Mine was still in my pocket, filled with mint instead of sugar. But I took his anyway, inhaling and forcing myself not to grimace.
“I think I’m scared the world will move on without me,” he said, staring at the sky. “If we’re on pause, I mean. That I’ll be forgotten. And then all the noise will come rushing back. The devil on my shoulder, telling me just one drink won’t hurt. One pill won’t matter.”
He slipped the vape away and crossed his ankles.
“It’s fucked up, but . . .” He hesitated. “I almost like being watched in here. Like if their eyes are on me, I’m being held accountable.” His voice dropped, casual and unguarded. “I can almost pretend it means someone cares.”
Something cracked in my chest at that.
I knew he wasn’t close with his family, but hearing it laid bare like that hurt more than I expected. Did he really think no one would notice if he disappeared? That no one would miss him?
I thought about my own safety net. Riff. The boys. Clara. Even the label, in their own twisted way. They watched me because I was an investment, sure, but they’d still stop me from self-destructing. Another set of eyes. Another reason to stay clean.
But who did Iggy have?
I wanted to tell him I cared. That I wanted him to live the long, happy life he worried might be reserved for other people. That he wasn’t invisible to me.
But Iggy didn’t handle heavy truths well.
He joked. Deflected. Twisted vulnerability into something loud and shiny so no one could linger on it too long.

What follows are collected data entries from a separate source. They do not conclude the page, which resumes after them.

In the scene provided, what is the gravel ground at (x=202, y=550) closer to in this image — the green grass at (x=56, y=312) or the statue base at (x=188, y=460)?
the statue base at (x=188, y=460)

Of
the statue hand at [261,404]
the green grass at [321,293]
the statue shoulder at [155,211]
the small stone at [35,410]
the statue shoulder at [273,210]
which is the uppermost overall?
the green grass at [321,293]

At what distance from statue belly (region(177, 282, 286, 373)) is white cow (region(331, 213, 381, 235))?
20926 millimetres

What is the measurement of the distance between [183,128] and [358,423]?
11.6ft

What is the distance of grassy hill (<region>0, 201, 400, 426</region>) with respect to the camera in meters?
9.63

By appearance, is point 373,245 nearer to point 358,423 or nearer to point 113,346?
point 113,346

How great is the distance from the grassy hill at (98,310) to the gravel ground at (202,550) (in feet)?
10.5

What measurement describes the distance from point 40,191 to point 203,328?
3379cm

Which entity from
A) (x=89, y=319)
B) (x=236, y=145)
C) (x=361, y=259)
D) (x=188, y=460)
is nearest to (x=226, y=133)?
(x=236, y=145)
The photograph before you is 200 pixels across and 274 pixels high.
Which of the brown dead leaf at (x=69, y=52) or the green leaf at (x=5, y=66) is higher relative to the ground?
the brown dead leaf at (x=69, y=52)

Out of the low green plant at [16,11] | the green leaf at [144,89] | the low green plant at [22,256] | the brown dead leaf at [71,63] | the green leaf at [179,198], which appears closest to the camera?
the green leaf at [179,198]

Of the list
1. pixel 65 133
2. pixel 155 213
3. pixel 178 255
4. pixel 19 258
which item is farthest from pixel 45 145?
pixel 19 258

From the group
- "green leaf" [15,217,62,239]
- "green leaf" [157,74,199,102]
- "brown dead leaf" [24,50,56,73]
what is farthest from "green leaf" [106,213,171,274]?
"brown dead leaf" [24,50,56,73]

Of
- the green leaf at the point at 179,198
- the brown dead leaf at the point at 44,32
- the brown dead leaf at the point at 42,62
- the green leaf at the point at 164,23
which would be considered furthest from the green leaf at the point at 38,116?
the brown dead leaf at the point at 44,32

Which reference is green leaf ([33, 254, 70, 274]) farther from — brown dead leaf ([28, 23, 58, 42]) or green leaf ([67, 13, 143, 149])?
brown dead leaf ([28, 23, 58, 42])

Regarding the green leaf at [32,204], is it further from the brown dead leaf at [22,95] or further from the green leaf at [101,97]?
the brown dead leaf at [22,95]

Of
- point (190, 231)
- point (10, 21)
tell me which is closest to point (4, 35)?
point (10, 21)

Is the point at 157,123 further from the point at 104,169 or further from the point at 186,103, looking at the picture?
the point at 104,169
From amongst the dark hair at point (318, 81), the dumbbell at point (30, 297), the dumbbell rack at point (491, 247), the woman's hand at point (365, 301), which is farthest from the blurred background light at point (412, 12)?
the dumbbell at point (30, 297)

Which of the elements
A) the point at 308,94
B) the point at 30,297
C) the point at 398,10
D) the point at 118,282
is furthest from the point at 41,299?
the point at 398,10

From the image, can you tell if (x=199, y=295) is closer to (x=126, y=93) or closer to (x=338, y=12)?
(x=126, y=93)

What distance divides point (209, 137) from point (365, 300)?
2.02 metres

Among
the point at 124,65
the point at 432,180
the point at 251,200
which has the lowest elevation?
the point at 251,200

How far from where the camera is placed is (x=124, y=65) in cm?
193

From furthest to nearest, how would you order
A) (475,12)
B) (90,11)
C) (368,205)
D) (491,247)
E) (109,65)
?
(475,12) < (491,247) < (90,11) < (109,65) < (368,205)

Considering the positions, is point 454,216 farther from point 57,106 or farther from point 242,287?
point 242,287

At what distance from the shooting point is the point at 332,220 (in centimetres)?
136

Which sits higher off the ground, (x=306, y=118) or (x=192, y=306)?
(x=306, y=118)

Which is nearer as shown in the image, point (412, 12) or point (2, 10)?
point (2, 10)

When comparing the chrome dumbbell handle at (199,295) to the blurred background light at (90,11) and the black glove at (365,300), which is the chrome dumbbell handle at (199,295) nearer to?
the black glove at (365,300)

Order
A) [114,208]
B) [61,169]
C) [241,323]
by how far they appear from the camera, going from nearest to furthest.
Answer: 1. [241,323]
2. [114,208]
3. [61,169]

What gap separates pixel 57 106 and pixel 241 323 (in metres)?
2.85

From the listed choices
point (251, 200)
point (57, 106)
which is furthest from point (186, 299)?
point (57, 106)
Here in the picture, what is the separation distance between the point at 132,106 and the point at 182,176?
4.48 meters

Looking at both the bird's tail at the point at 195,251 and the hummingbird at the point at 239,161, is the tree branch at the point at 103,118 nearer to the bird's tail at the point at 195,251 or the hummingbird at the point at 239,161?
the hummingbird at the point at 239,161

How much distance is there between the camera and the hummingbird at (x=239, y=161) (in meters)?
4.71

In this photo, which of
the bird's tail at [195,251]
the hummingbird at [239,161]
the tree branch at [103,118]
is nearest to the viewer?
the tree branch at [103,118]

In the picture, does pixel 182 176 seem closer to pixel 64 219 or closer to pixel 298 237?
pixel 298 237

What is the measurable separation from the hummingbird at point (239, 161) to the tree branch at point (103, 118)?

I’d only seen flashes of the real him—moments like this, or when his own mouth betrayed him during group sessions.
And I wanted more of that version. The quiet one.

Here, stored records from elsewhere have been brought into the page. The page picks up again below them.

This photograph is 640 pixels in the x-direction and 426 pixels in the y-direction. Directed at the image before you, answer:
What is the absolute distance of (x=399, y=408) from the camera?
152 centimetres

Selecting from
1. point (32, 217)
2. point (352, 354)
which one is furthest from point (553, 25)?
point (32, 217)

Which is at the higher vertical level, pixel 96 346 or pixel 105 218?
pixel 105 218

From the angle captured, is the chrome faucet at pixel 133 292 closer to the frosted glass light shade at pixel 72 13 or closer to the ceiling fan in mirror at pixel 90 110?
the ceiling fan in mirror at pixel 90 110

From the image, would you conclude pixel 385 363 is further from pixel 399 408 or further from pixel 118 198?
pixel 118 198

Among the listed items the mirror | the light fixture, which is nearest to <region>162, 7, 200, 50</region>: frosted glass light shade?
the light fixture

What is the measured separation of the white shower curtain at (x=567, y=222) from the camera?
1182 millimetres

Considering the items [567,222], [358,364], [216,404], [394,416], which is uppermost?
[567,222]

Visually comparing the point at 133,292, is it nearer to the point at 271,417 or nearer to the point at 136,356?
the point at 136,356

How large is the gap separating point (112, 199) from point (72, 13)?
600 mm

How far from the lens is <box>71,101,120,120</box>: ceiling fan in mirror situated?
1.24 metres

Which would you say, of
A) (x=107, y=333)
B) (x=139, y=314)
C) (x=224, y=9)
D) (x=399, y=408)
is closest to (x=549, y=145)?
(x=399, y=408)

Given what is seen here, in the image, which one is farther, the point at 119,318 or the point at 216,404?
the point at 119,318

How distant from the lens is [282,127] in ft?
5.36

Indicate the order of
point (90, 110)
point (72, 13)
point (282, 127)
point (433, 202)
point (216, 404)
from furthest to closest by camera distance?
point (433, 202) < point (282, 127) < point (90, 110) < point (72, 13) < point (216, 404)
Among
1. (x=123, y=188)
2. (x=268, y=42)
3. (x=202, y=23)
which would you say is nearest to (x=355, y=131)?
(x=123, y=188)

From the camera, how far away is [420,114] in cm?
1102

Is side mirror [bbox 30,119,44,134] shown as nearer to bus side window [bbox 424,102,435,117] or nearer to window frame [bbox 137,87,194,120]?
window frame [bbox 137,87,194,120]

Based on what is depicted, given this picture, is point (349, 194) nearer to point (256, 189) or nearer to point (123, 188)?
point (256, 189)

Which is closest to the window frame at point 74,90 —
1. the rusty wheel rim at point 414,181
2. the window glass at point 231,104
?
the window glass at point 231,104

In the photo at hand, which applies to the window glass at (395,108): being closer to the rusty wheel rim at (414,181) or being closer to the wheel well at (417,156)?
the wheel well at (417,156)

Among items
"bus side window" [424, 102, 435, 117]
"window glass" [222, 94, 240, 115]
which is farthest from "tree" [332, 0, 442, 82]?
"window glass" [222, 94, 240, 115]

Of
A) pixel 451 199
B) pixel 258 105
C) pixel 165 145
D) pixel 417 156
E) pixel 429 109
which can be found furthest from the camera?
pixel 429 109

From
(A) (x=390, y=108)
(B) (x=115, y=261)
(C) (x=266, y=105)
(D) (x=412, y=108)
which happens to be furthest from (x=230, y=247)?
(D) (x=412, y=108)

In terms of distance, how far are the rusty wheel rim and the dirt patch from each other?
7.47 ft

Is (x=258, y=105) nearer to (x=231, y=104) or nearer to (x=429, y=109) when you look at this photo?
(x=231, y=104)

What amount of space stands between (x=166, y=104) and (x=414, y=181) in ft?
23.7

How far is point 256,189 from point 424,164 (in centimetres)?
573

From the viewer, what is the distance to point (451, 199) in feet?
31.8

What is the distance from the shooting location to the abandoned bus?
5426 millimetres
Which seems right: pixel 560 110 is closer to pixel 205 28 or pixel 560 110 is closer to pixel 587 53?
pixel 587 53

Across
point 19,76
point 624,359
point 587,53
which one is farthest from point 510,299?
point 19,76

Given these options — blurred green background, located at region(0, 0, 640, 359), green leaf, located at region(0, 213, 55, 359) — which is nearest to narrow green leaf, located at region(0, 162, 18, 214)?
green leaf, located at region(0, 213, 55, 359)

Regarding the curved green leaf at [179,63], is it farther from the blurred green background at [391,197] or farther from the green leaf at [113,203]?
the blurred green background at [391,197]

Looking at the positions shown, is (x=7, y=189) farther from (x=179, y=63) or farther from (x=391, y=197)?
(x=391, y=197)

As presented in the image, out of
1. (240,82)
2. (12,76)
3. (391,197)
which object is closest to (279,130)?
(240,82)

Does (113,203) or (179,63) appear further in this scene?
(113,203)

The scared one. The real one. If anyone truly saw all of him, it was Dr Williams. And only because recovery demanded it.
If I told him what I was thinking now, he’d laugh it off and call me a sap. Tell me not to waste my time, that he’d be fine. So I didn’t bother. I steered the conversation somewhere lighter instead.

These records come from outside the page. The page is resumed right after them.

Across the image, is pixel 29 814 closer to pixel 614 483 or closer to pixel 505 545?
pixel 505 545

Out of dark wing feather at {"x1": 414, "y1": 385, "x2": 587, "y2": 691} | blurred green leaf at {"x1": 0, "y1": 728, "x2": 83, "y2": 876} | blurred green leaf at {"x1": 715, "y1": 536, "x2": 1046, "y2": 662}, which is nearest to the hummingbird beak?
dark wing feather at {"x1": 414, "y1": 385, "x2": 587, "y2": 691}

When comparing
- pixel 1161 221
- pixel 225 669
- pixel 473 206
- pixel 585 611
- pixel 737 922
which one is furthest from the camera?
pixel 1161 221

“When I get out of here,” I said. “The first thing I’m doing is going to McDonald’s and eating a burger.” I pulled my own vape from my pocket and took a hit. “I’ve had too many vegetables. I need something American adjacent. Something greasy and bad for you.”
Iggy giggled, his whole body vibrating against the grass. The sound warmed something in my chest, slowly mending the crack his earlier words had left behind.
“What about you?” I asked.
He pursed his lips, considering it. “I want a Frappuccino. Chocolate or caramel, with loads of cream and sauce. Something absolutely packed with sugar.”
I laughed. “I don’t think you need any more sugar.”
He turned his head towards me, smirking. “Why? Because I’m sweet enough?”
“More like hyper enough,” I teased.
Iggy rolled onto his stomach, closing what little space there was between us, and poked my stomach. “I am not!”
“You’re like an overexcited chihuahua.” I pinched his rosy cheek. “Running around, yapping at everyone, stealing their snacks.”
He laughed and lightly punched my shoulder. “I am not a fucking chihuahua.”
I frowned, feigning seriousness. “You’re right. You’re more like a strangled cat when you try to sing those K-pop songs you love.”
Iggy burst out laughing, and I watched his eyes grow wet. Not with sadness. With pure, unfiltered joy.
“They’re good songs!” he protested.
“You can’t even speak Korean,” I shot back, rising onto my elbows and bringing us closer. “You just make random noises like a Sim having a breakdown.”